Le moment décisif fût son "discours à Bar Ilan" du 14 Juin, après quoi les chroniqueurs des principaux médias israéliens, avec à leur tête le pathétique Ari Shavit (Haaretz) et son frère jumeau très terre-à-terre Yaïr Lapid (Yedioth Achronot), ont eu recours aux termes ridicules de Renaissance, Révolution, et Rubicon pour le soi-disant nouveau dirigeant pacifique israélien.
On ne peut pas s'attendre à grand chose d'autre de l’Israélien moyen, rendu aveugle par des décennies d'endoctrinement et d'intérêts, ou du président israélien Peres, dont le lexique politique n'a jamais inclut le V de Vérité. Mais le monde doit être averti.
Contrairement au Liban ou à l’Iran, Israël n'a pas fait un seul pas en avant dans l'ère Obama. Au contraire: avec le trio de voyous, Netanyahou, Barak, et Lieberman, Israël est actuellement gouverné par le gouvernement le plus nationaliste, raciste et fanatique qu'il n’ait jamais eu. En plus de cela, le principal parti d'opposition, dirigé par l'ultranationaliste Livni et le soldat professionnel opportuniste, Mofaz, offre encore une copie conforme du récit gouvernemental, de sorte que le discours public est élaboré par deux jumeaux idéologiques et politiques, et n’offre aucune autre alternative.
En fait, l'extrême-droite israélienne compte aujourd'hui plus de 80 pour cent des sièges à la Knesset - le reste étant les partis Arabes, le Meretz, et une faction dissidente douteuse au sein du parti Travailliste. Ainsi, le consommateur de médias israéliens n'est exposé à rien d’autre qu’à un lavage de cerveau anti-palestinien, anti-paix, pro-occupation nationaliste au mieux, raciste au pire.
Ne vous y trompez pas: Netanyahu est un homme de l'occupation, comme il l'a toujours été. Écoutez le mentor idéologique de Netanyahou, son père, le Professeur Benzion Netanyahu, qui a ouvertement déclaré que son fils n’accepterait jamais un Etat palestinien; comme M. Netanyahu l’a dit à son père, il a posé de nombreuses conditions à son offre de Bar Ilan, afin de le rendre inacceptable pour les Palestiniens.
Il reste à voir si la stratégie anti-paix de Netanyahou sera d’éternels pourparlers de paix qui ne vont nulle part, ou s'il tentera une manœuvre "démasquée" à la Barak. Mais, abandonner les territoires occupés et mettre fin au colonialisme d'Israël n'est donc pas à l'ordre du jour.

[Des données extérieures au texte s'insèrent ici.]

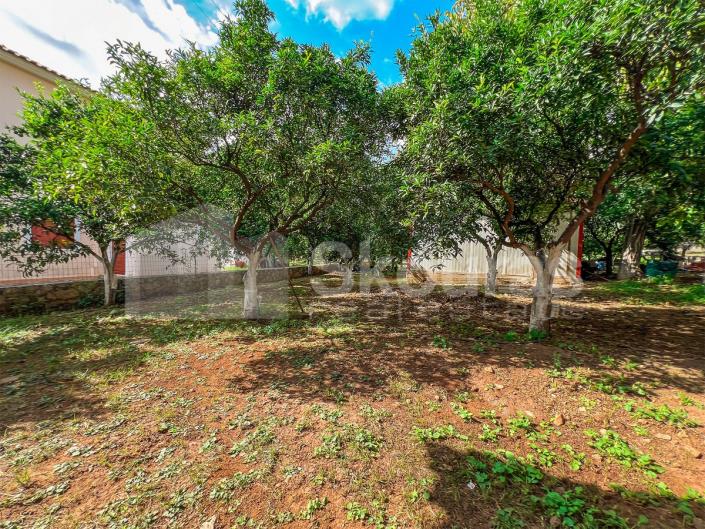 Image No.25-3 Bed House for sale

Juste deux semaines avant le discours "historique" des deux Etats de Netanyahou, la Knesset avait approuvé une décision contre un Etat palestinien, qui avait mis en colère les Jordaniens en affirmant que la Jordanie était l'Etat palestinien.
En effet, l'initiateur ne venait pas de la coalition de Netanyahou mais d'un parti fasciste encore plus à droite, mais son projet de loi, massivement approuvé par 53 voix contre 9, a été proposé à peine quelques jours après une conférence à la Knesset sur «des alternatives à la solution à deux États », organisée par un membre du parti du Likoud de Nétanyahou.
Par conséquent, s'attendre à ce qu’Israël arrête ou même gèle sa colonisation juste parce que le président Obama le dit est tout aussi irréaliste que s'attendre à ce qu’al-Qaïda dépose les armes pour la même raison.
Les esprits les plus malhonnêtes d'Israël - et surtout ministre de la Défense, Ehoud Barak - font de leur mieux pour trouver une "formule" qui leur permettrait de poursuivre le vol organisé de terres israélien en Cisjordanie - que ce soit pour une «croissance naturelle», «des blocs de colonies", "un gel temporaire ", ou des mensonges similaires. La dépossession ne doit pas être arrêtée. Après tout, les colonies sont de loin le projet le plus capital de l'État d'Israël, et elles l’ont été au cours des quatre dernières décennies, ce qui représente les deux tiers de l'histoire d'Israël, à un tel point qu’Israël est clairement devenu un problème en raison de son propre colonialisme.
La nouvelle vieille cible : les Palestiniens Israéliens
En ignorant les vents nouveaux qui soufflent depuis Washington, les fanatiques israéliens sont tellement sûrs d'eux qu'ils considèrent l'occupation comme un fait accompli: ils ne doutent pas que, tout comme Israël a réussi à duper le monde et doubler le nombre de colons illégaux depuis que le "Processus de paix» d'Oslo a commencé, il réussira à maintenir les Palestiniens occupés – mis en cage et appauvris en Cisjordanie , réduits à l’esclavage et affamés à Gaza - sous la botte abusive d'Israël au cours des prochaines décennies. Leur optimisme pourrait être justifié: Obama a beaucoup de chemin à faire avant de prouver qu'il est sérieux.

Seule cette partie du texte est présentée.